Stewardship
Stewardship
"to bear and not to own,
to act and not lay claim,
to lead and not to rule,
this is mysterious power."
Tao Te Ching, V 10
Ursula LeGuin & Lao Tzu
The Tao speaks of what I consider the concept of stewardship in so many verses. I flipped through my copy, reading them to a friend. I made myself stop after four.
Stewardship is the interdependence and service to others which sits nestled between apathy and enmeshment.
Enmeshment could also be called codependency. Apathy could also be called narcissism.
Both of those things would say that they are stewardship, but they are not. Stewardship gone awry could look like one or the other.
Stewardship is the way I own the present moment and all it contains, and I do not own what was in the present moment beyond that moment.
When I see a child chasing a ball into a street—that is my child to protect.
But I don't take the child home with me.
In enmeshment or codependency, I'm lacking a clear sense of the distinction between myself and the other. This can lead to caretaking rather than simple action. If I saw a child about to run in front of a car, I could not forgive myself for not acting. Not acting would be apathy, my abandonment of empathy.

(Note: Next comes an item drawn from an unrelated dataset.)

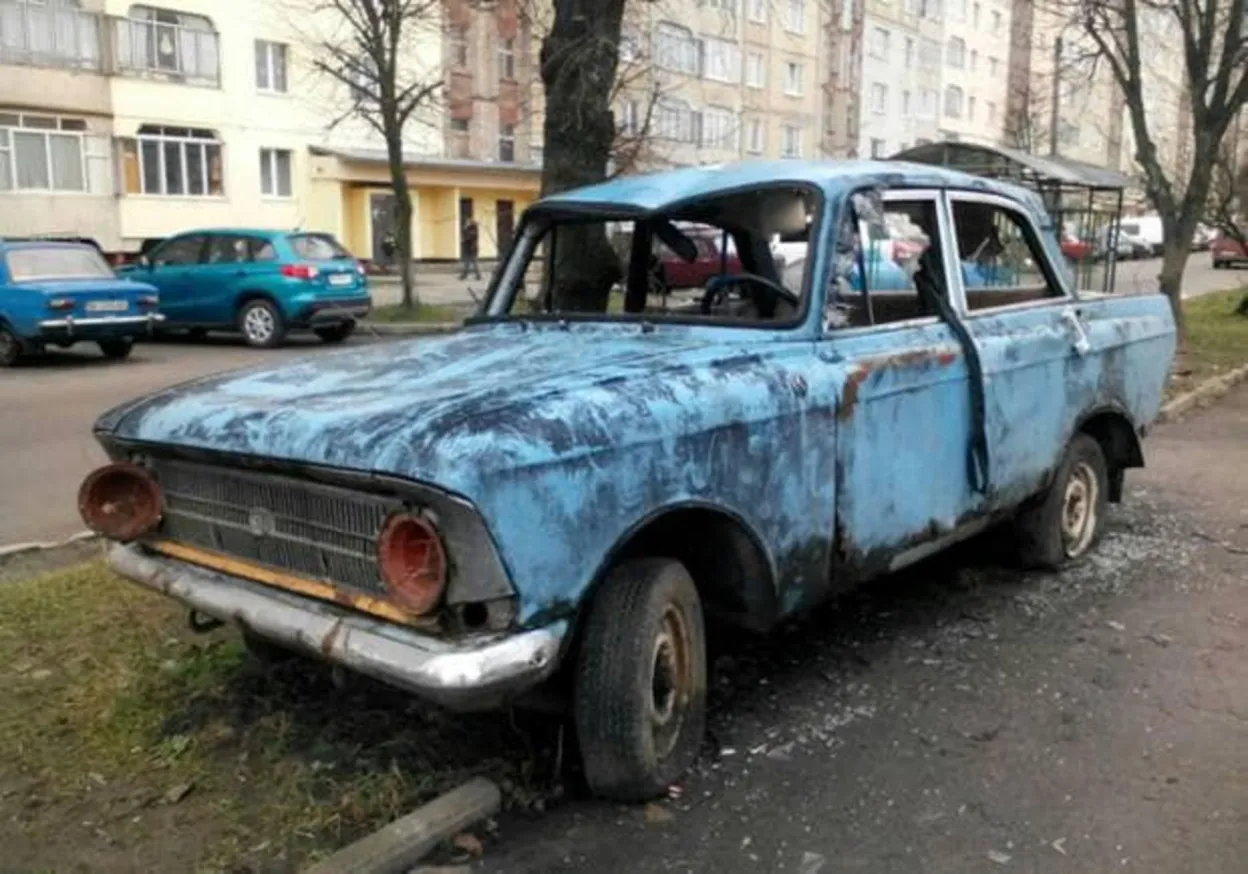 У Львові продовжують очищати вулиці: ще 8 покинутих автомобілів відвезли на штрафмайданчик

If I don't have a clear understanding that others are independent beings separate from myself, I may not be able to forgive myself for not intervening in someone's relationship, their work situation, their financial wellbeing. I may project how I would feel in that situation onto them and decide that they are being harmed, when I can't actually know what they are experiencing, and when it's their right to experience it or experience themselves choosing something else. This pattern of projection and saviorship is the hallmark of enmeshment and codependency.
In enmeshment or narcissism, I believe my experience is the only one worthy of my attention. It's a state of rejecting my own need for connection, and disrespects the fact of the empathy produced when my body coregulates with other bodies.